Rosengren of the Boston Fed voiced concern in an Oct. 15 interview about the risk of asset bubbles and inflation if the central bank keeps rates too low for too long. Cleveland Fed President Loretta Mester, who voted in favor of a hike in September, said in October that monetary policy must be “looking ahead and not just waiting.” Kansas City’s Esther George, who has dissented at the past two meetings, said she favors higher rates in light of a tightening labor market and rising inflation.

Conflicting Views

Former Fed official Roberto Perli said division at the central bank reflects confusion about the correct policy amid a slow economic recovery and uncertain outlook on inflation. Gross domestic product has grown only 2.1 percent annually since the recession ended in 2009 and it’s unclear when inflation will reach the central bank’s 2 percent target.

“Views are more divergent than usual, which in turn has produced more dissents,” said Perli, who is now a partner at Cornerstone Macro LLC in Washington.
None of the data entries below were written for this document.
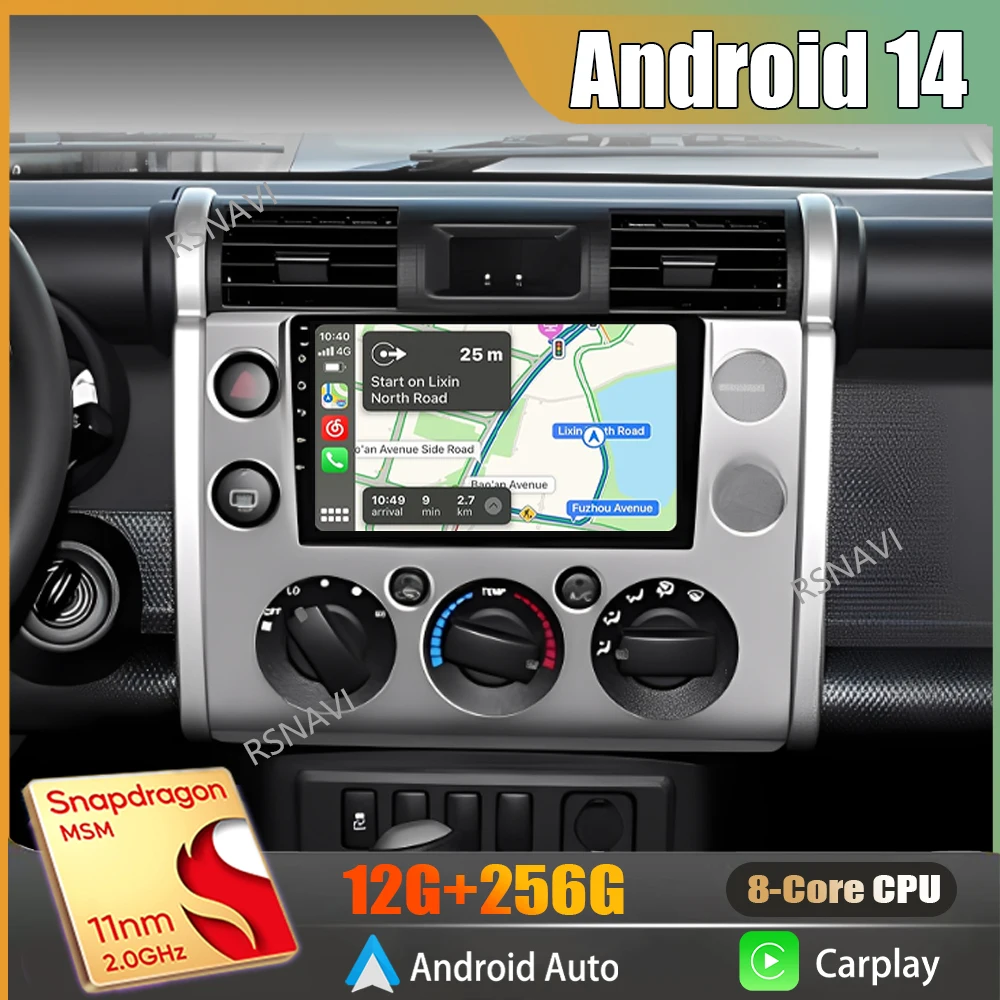 Android14 For Toyot… - image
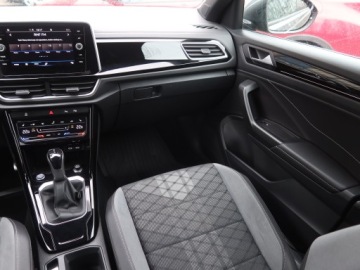 Volkswagen T-Roc I SUV Facelifting 1.5 TSI ACT 150KM 2022 VW T-Roc 1.5 TSI, Salon Polska, Serwis ASO, zdjęcie 7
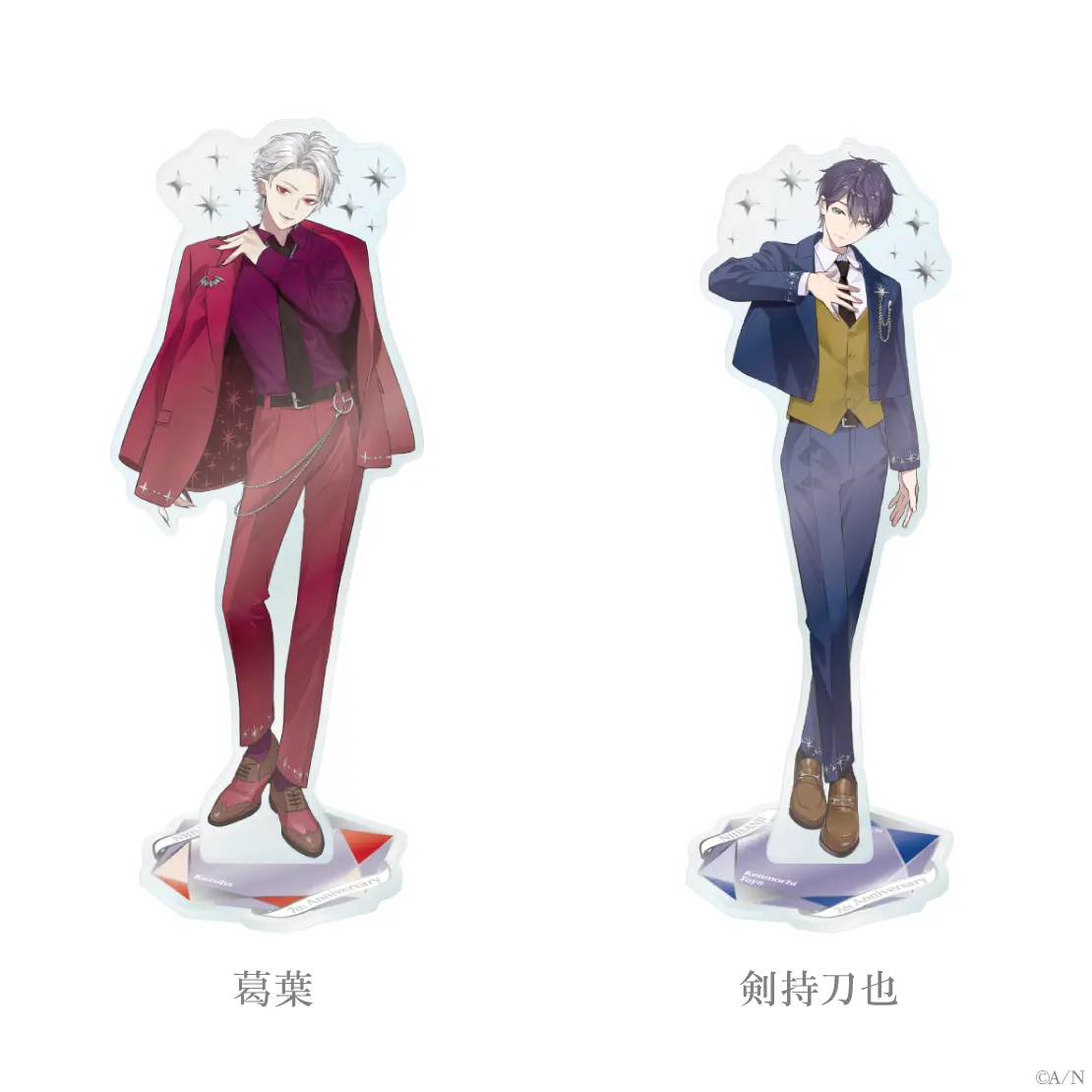 Kuzuha - Acrylic stand - Nijisanji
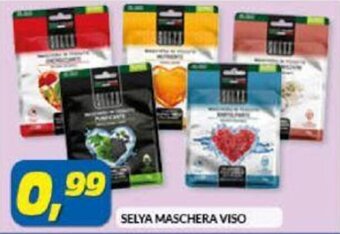 Risparmio Casa SELYA MASCHERA VISO offerta
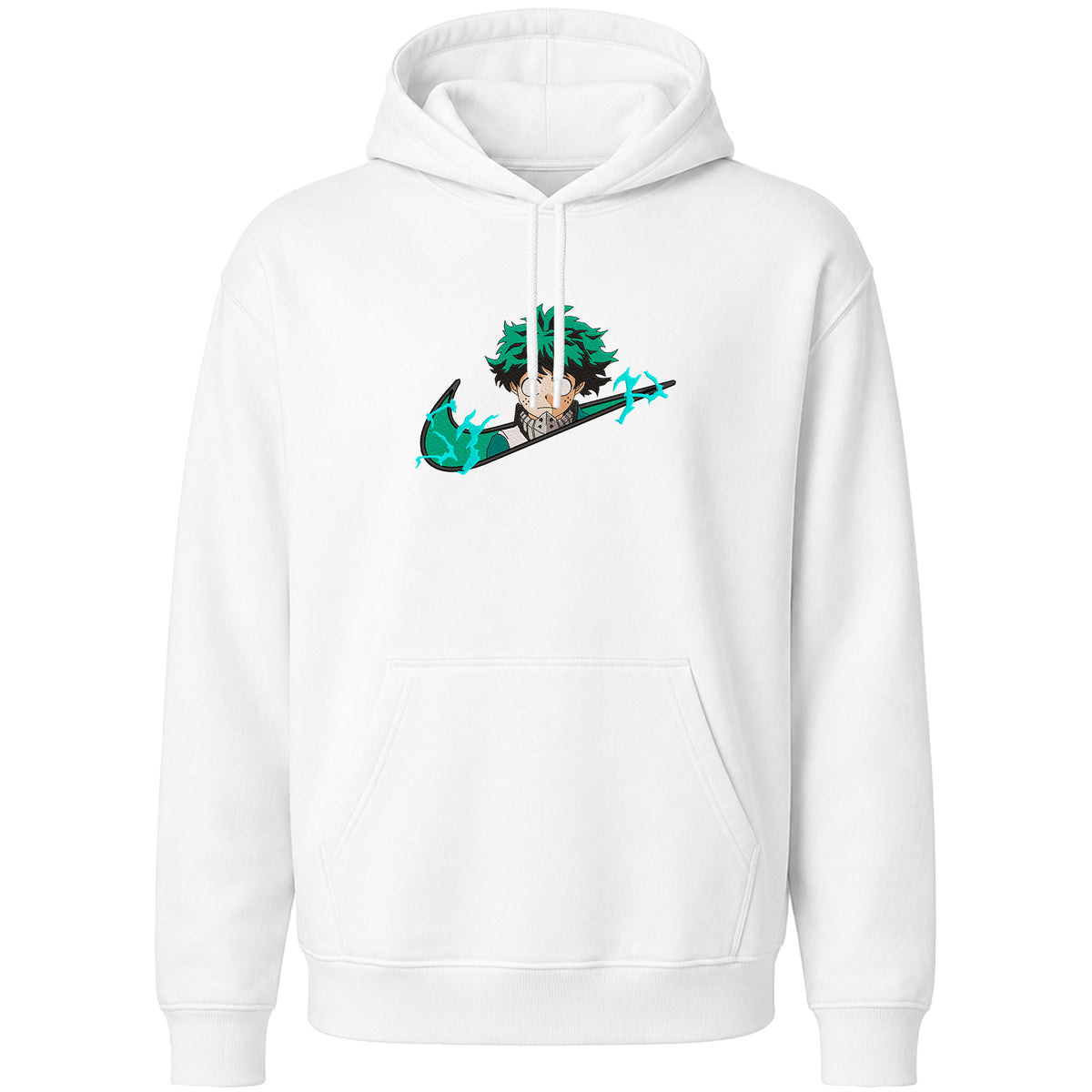 DISEÑO BORDADO DEKU LOGO
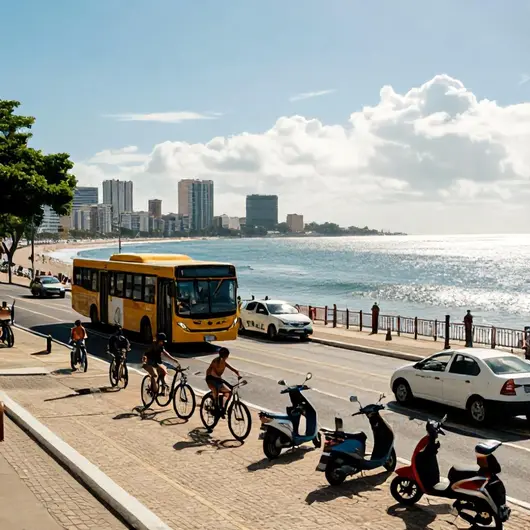 19 melhores opções de transporte em Salvador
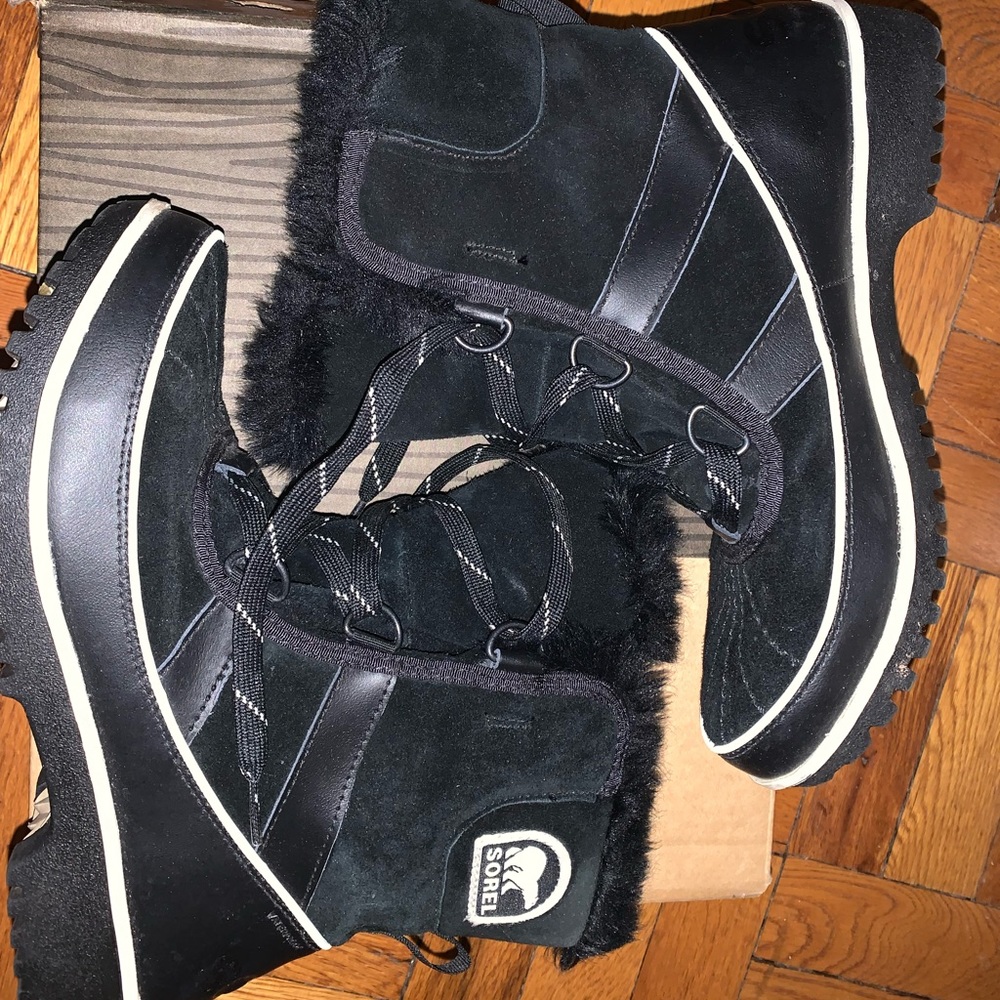 Women’s Sorel Tivoli II Waterproof Boots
Notably, none of the dissent in recent years has come from Fed governors, political appointees who are nominated by the U.S. president and confirmed by the Senate.

While that suggests underlying support for the chair, that unanimity has also been raised as a concern. Lacker said in an October speech that governors may be “less insulated” from the political process because they typically serve shorter terms, while Fed presidents are willing to challenge conventional views.

Bernanke has argued that a certain degree of division can be healthy. He tried to make the FOMC less centered around the chair’s views and encouraged officials to speak up and make their opinions known.

Reserve Bank presidents understand that they should use dissent only sparingly, according to Al Broaddus, who led the Richmond Fed from 1993 to 2004 during Greenspan’s chairmanship. Greenspan faced challenges during difficult periods of his tenure, notably from Broaddus himself, though division eased toward the end of his time in office.

“Legitimacy and credibility are very important to the Fed,” Broaddus said. “Several dissents during temporarily difficult periods pose no threat, but sustained dissents over longer periods raise questions.”